▶ _ASSIGNED TASK_
The records that follow are to be repeated exactly, without any pictures.

▶ _DATA_
────────
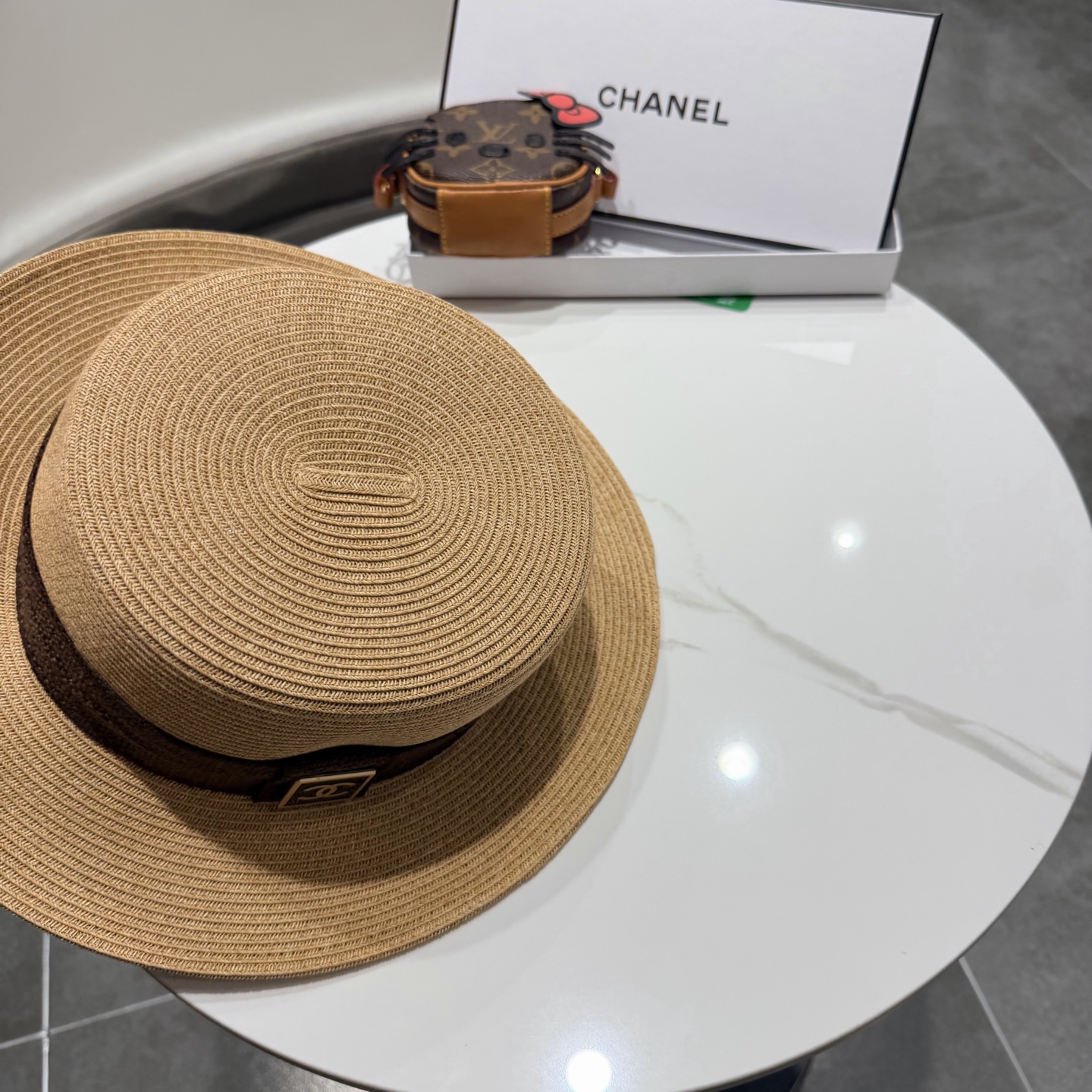 Chanel气质优雅礼帽法式名媛风大头围帽子平顶草帽海边度假太阳帽防晒帽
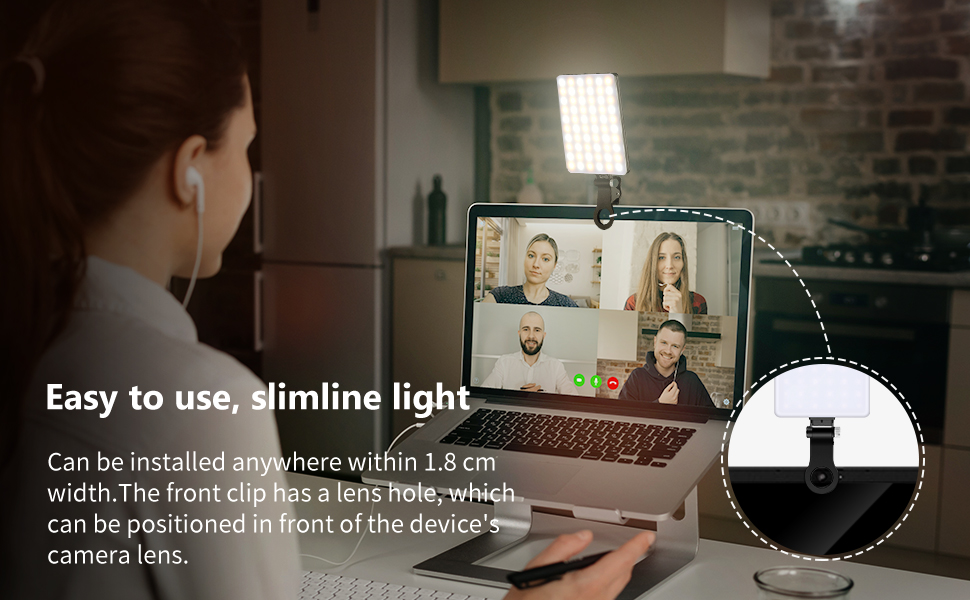 NEEWER LED Selfie Light with Front & Back Phone Clip, High Power 60 LED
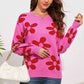 Floral Print Dropped Shoulder Sweater | AdoreStarr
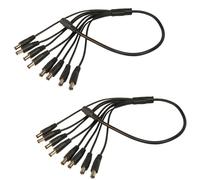 2x HQRP AC Alimentatore Adattatore 1 A 8 Porta Cavo Codino Per CCTV Fotocamere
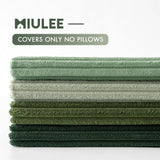 MIULEE Boho Farmhouse Sage Green Throw Pillow Covers 20x20 Inch Set of 4 Mordern Nordic Cushion Covers Soft Corduroy Christmas Home Decor for Couch Bed Sofa Living Room Forest Green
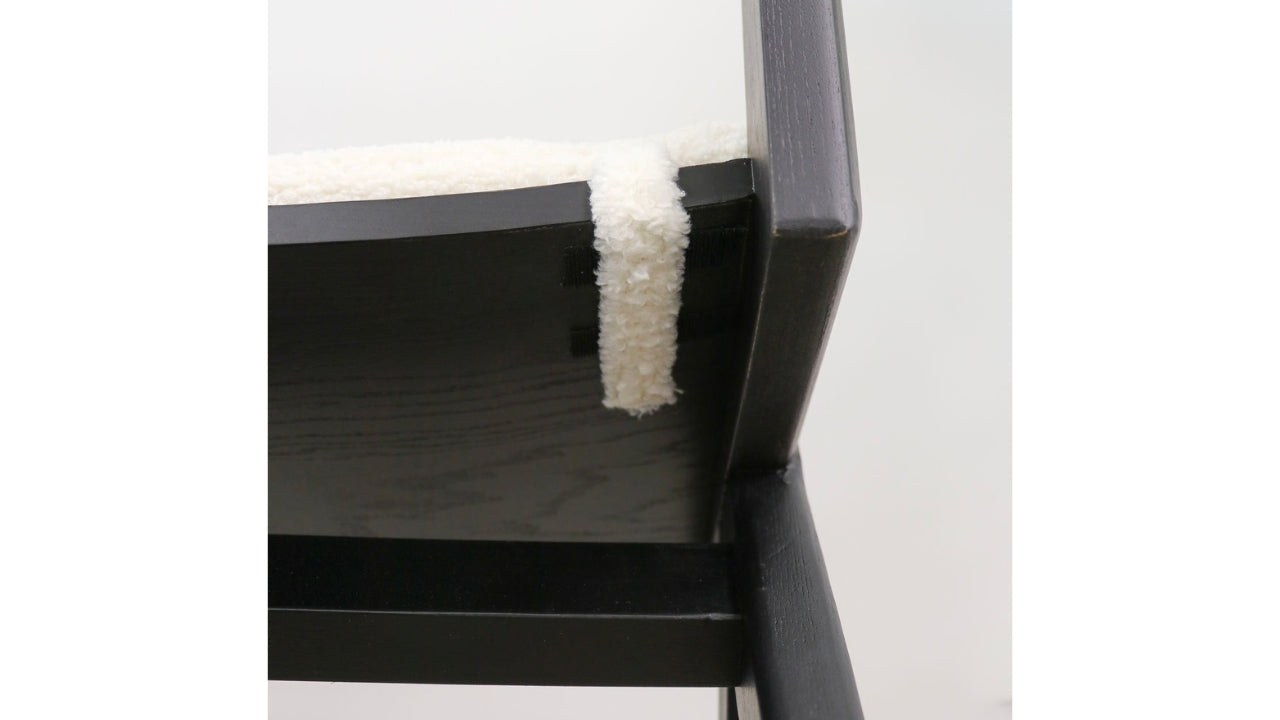 CORTEZ DINING CHAIR WITH REMOVABLE CUSHIONS - BLACK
────────
▶ _EXPECTED ANSWER_
 Chanel气质优雅礼帽法式名媛风大头围帽子平顶草帽海边度假太阳帽防晒帽
 NEEWER LED Selfie Light with Front & Back Phone Clip, High Power 60 LED
 Floral Print Dropped Shoulder Sweater | AdoreStarr
 2x HQRP AC Alimentatore Adattatore 1 A 8 Porta Cavo Codino Per CCTV Fotocamere
 MIULEE Boho Farmhouse Sage Green Throw Pillow Covers 20x20 Inch Set of 4 Mordern Nordic Cushion Covers Soft Corduroy Christmas Home Decor for Couch Bed Sofa Living Room Forest Green
 CORTEZ DINING CHAIR WITH REMOVABLE CUSHIONS - BLACK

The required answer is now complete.